Na zdjęciu Katarzyna Piątek.
Marta Krajenta: Czemu natura jest Ci tak bliska, że postanowiłaś zadedykować jej swoją sztukę?
Katarzyna Piątek: Myślę, że natura to największy dar i największe piękno, jakie mogliśmy dostać. Otrzymaliśmy od niej wszystkiego w nadmiarze, a teraz staramy się ocalić to, co jeszcze się da. Można tak powiedzieć, że dedykuję swoją sztukę naturze, jednak nie staram się jej oddać realnie w pracach, ponieważ wydaje mi się, że jest zbyt doskonała, żeby to było możliwe. Nie chcę też, aby moje prace w oczywisty sposób ją kopiowały. Jeśli zainspiruje mnie jakiś mały fragment natury – mrowisko, igły, czy sucha trawa to staram się to raczej oddać w sposób maksymalnie uproszczony. Ciekawi mnie, co jeszcze odbiorcy zobaczą w moich pracach i jakie emocje one w nich wywołują. Jako ludzie różnimy się pod względem wrażliwości i ja oczywiście mam do tego ogromny szacunek. Czasem poznaję osoby, które w kontakcie z moją sztuką potrafią odczuć emocje w ten sam sposób co ja, w czasie kiedy obraz powstawał i to jest dla mnie niesamowite. Mam wtedy wrażenie, że ktoś przeszył mnie wzrokiem na wylot i zrozumiał. Lubię te momenty.
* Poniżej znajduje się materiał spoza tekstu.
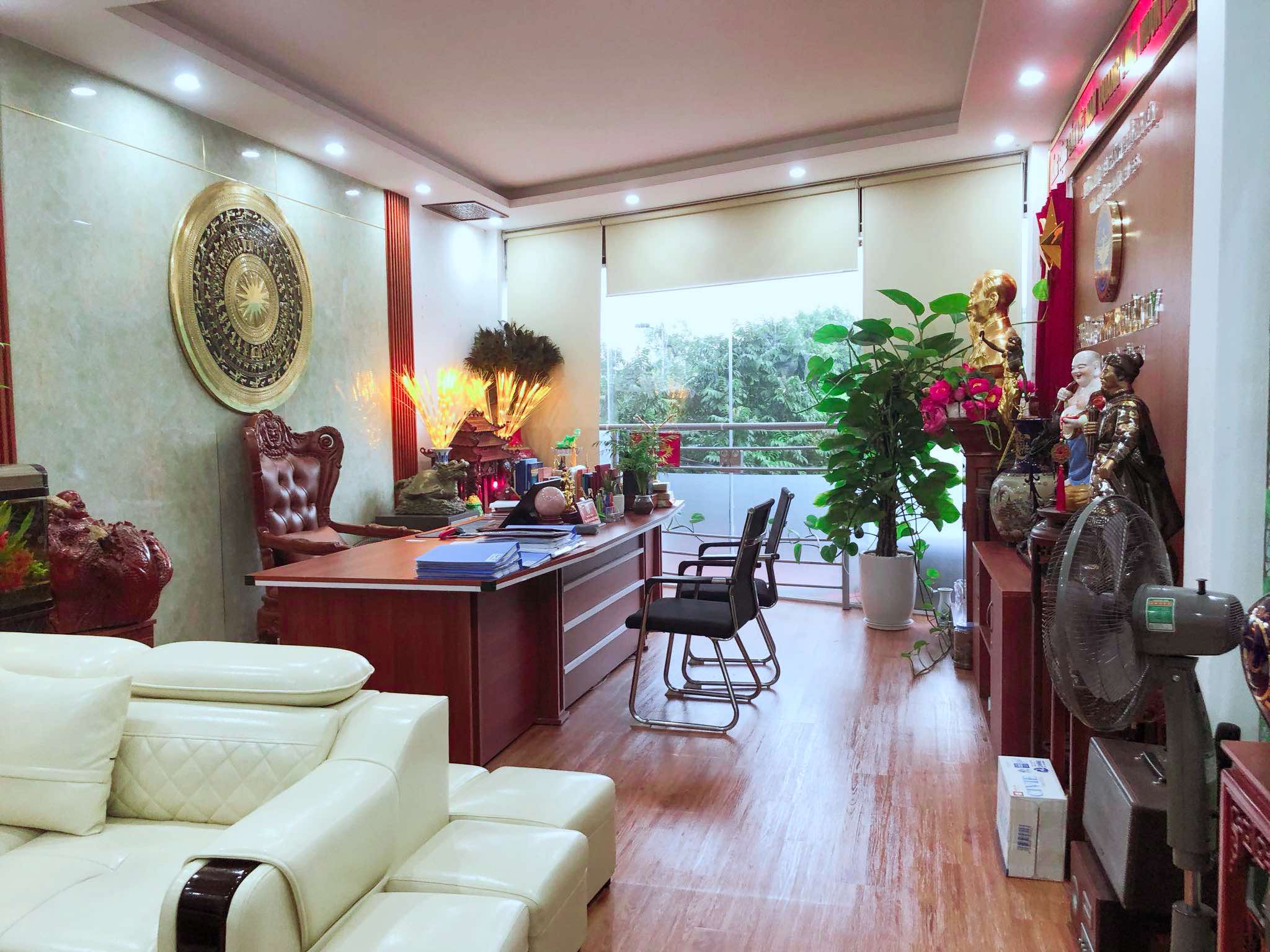 Bán nhà mặt phố Miếu Đầm, Đỗ Đức Dục 55m2 x 5Tầng, vỉa hè kinh doanh giá 20 tỷ.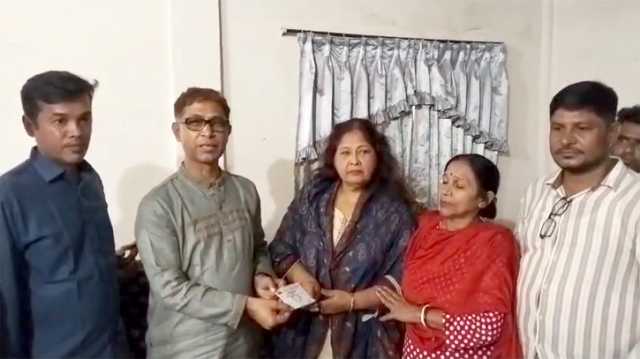 বীর মুক্তিযোদ্ধা মরহুম কামাল হোসেন এর পরিবারের খোঁজখবর নিলে মামু
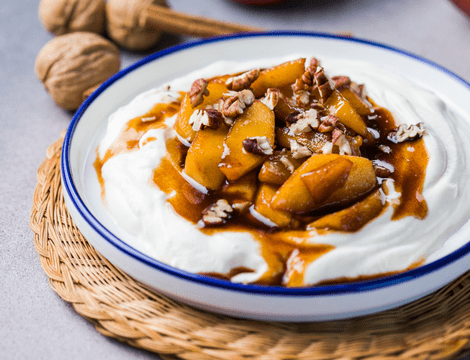 Mere caramelizate cu scorțișoară și nucă - rețeta simplă cu aromă de sărbătoare. Desert elegant și rapid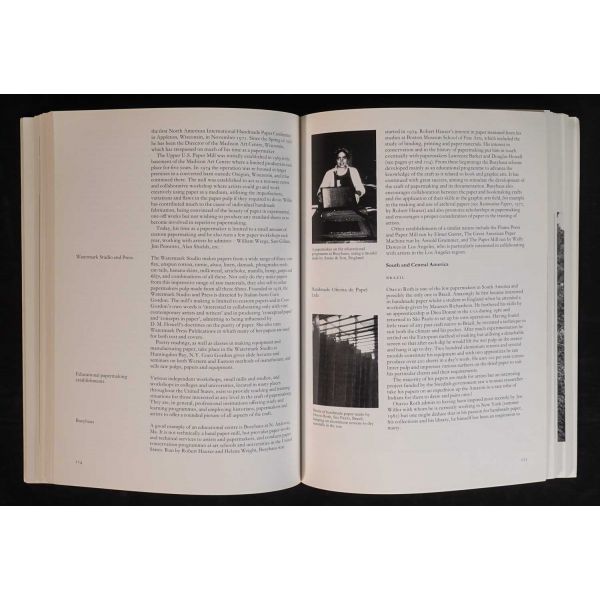 Günümüz teknikleri ve kullanımlarıyla bugünün el yapımı kâğıtçılığına dair İngilizce kitap: HANDMADE PAPER TODAY, Silvie Turner & Birgit Skiöld, 1983, Lund Humphries, London, 280 sayfa, 20x27 cm...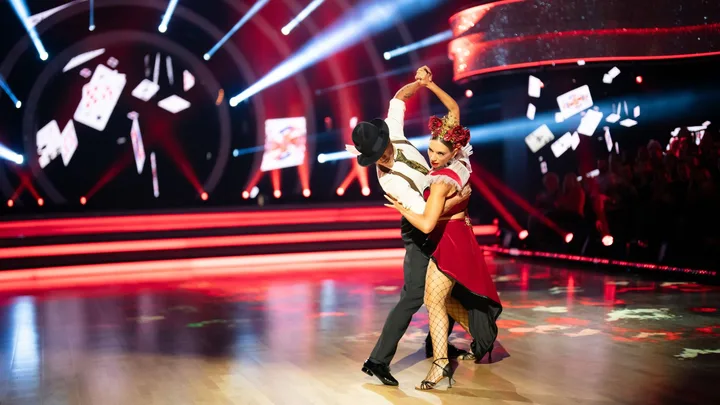 nadia bartel dancing with the stars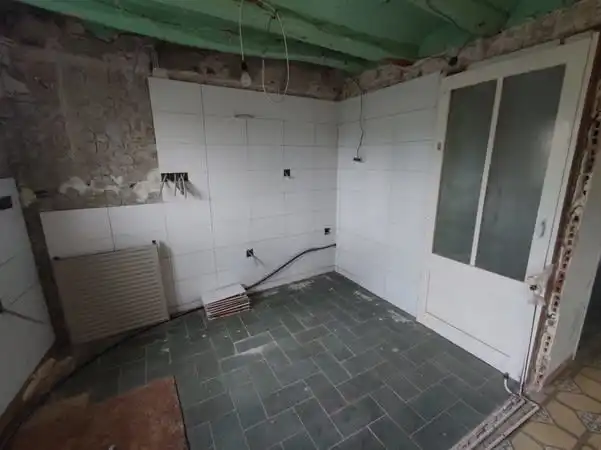 Badezimmer von Einfamilien-Reihenhaus zum Verkauf in Marçà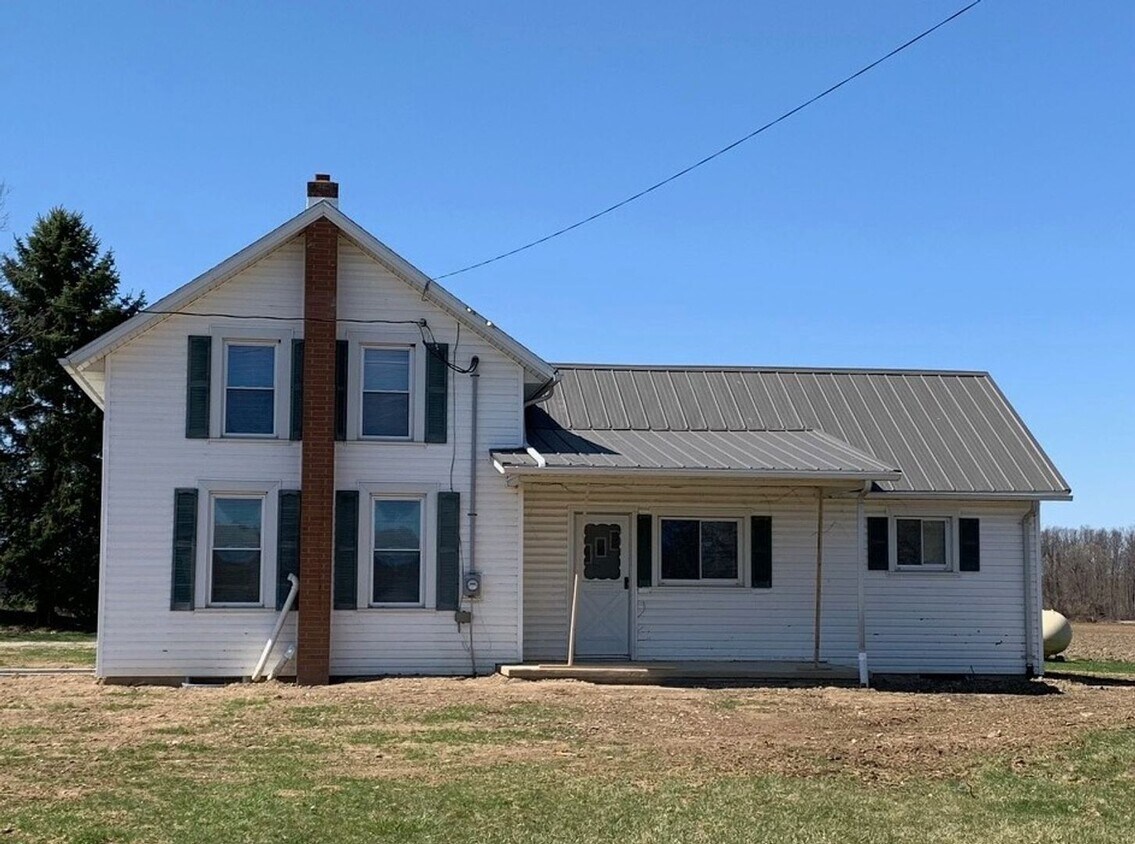 Primary Photo - Farmhouse in Willard City Schools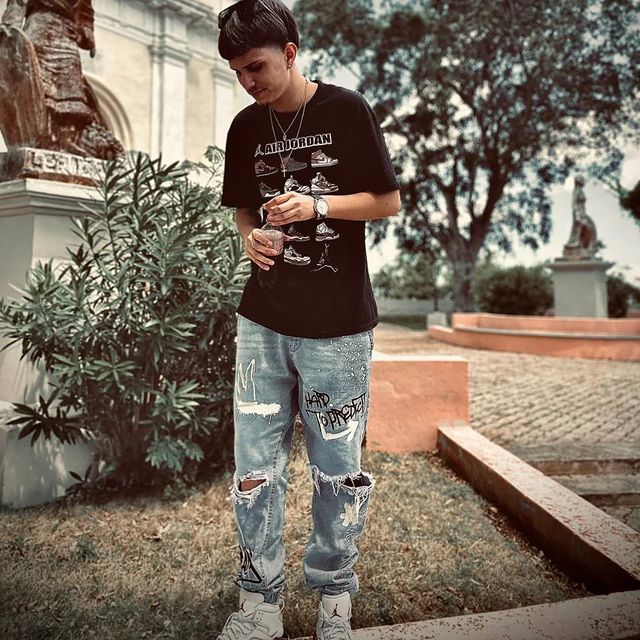 chrissbouza в LOOKY. #goat#instagram#cocacola#jordan#nike,#photography#followforfollowback#cuba#instafashion,#travel,#model,#fashion. 🚦Every inch of your...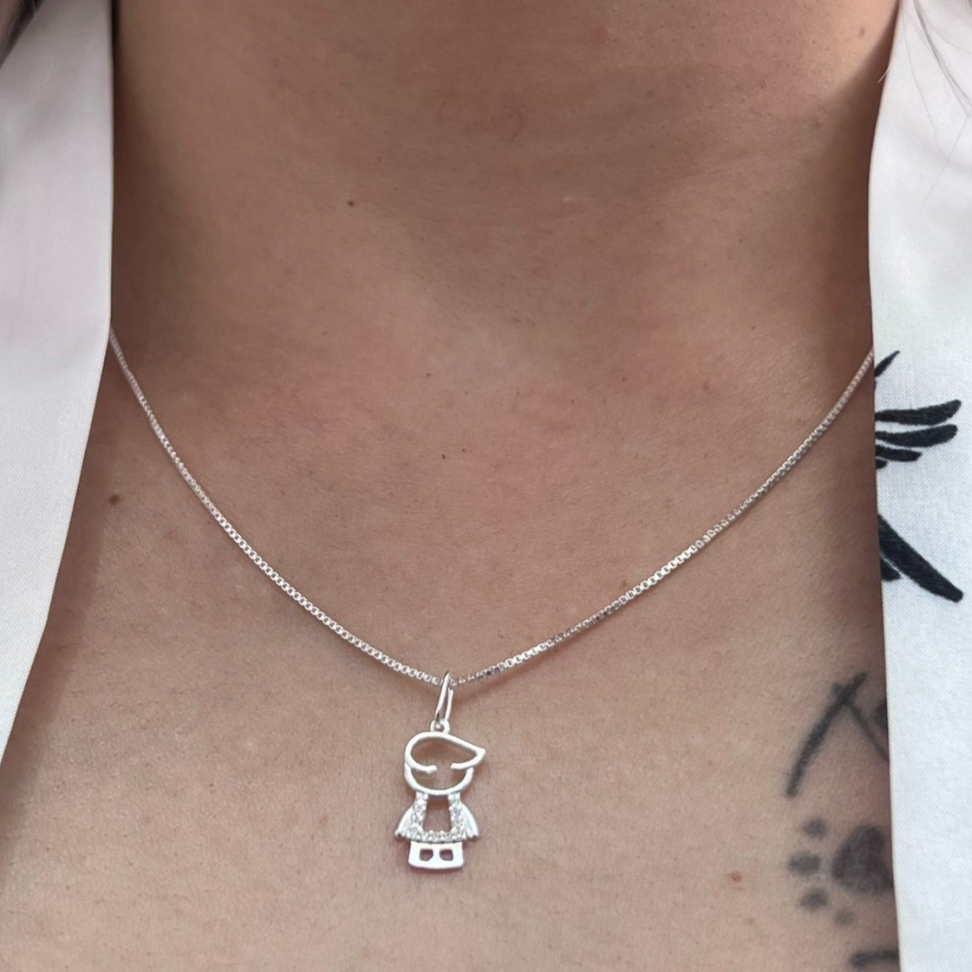 Pingente Menino com Topete e Roupa Cravejada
Marta Krajenta: Od kilku lat obserwujemy bardzo odczuwalny zwrot ku naturze. Twoja twórczość pięknie wpisuje się i podbija ten trend. Rezygnujesz z pigmentu na rzecz monochromii, wykorzystujesz naturalne materiały i kunszt tkacki – jak narodził się ten pomysł w Tobie i skąd takie umiejętności?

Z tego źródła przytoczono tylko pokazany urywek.